2.3
On the origin of tropical Atlantic SST biases in coupled general circulation models
Ingo Richter, IPRC, SOEST, Honolulu, HI; and S. P. Xie
Coupled ocean-atmosphere general circulation models typically exhibit serious biases in the mean state of the tropical Atlantic. Most conspicuous among those is the reversal of the zonal SST gradient along the equator in the annual mean. While these biases have drawn considerable attention a comprehensive understanding of the problem remains elusive. In this study we analyze output from models of the Intergovernmental Panel on Climate Change (IPCC) as well as the Atmospheric Model Intercomparison Project (AMIP) with a focus on the climatological annual cycle in the Climate of the 20th Century experiments.
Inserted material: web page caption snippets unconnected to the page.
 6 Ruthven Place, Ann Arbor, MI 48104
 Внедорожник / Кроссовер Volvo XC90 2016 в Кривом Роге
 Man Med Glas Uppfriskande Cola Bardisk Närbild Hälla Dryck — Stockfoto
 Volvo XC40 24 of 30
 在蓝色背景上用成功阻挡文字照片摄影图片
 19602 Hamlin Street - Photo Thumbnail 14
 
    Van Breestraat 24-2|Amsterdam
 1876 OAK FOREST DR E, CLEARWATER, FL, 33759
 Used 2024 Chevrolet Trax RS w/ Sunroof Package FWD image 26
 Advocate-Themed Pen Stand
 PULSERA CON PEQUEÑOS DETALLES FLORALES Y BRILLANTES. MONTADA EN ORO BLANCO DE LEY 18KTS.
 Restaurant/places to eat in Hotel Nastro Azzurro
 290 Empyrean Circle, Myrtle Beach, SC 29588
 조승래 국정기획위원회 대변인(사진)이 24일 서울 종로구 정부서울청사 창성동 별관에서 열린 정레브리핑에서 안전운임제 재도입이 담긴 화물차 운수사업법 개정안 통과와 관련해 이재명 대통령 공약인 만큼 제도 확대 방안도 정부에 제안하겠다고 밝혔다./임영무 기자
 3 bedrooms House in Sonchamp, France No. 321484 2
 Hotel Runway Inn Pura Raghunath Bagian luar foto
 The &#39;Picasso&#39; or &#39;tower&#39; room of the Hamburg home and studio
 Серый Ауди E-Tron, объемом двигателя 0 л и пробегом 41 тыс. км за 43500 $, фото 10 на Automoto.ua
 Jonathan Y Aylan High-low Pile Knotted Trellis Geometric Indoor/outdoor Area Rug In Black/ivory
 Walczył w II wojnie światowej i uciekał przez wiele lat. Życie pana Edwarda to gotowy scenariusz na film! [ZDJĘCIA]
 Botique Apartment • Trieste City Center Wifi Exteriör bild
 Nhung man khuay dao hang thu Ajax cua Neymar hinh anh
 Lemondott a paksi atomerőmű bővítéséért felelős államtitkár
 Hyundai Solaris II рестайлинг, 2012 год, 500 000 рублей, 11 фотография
All the models examined feature a warm SST bias in the eastern equatorial Atlantic that typically peaks around July with maximum amplitudes in the models ranging from 2 to 6 K. This warm bias is preceded by a westerly bias in equatorial surface winds during spring that deepens the thermocline. In the following months, as the cross-equatorial surface winds intensify due to the developing West African monsoon, the unrealistically deep thermocline in the models reduces the cooling effect from equatorial upwelling and thus contributes to the warm bias in the simulations. The AMIP counterparts of the IPCC models exhibit a similar albeit weaker bias in surface winds. This indicates that the problem originates in the atmospheric components and is amplified by air-sea interaction in the coupled system. Thus a significant potential for improvement of coupled models in the tropical Atlantic might be achieved by a detailed analysis of the performance of their uncoupled atmospheric components in spring.
.Session 2, Coupled ocean-atmosphere interactions and their contribution to climate variability on all time scales (Part II)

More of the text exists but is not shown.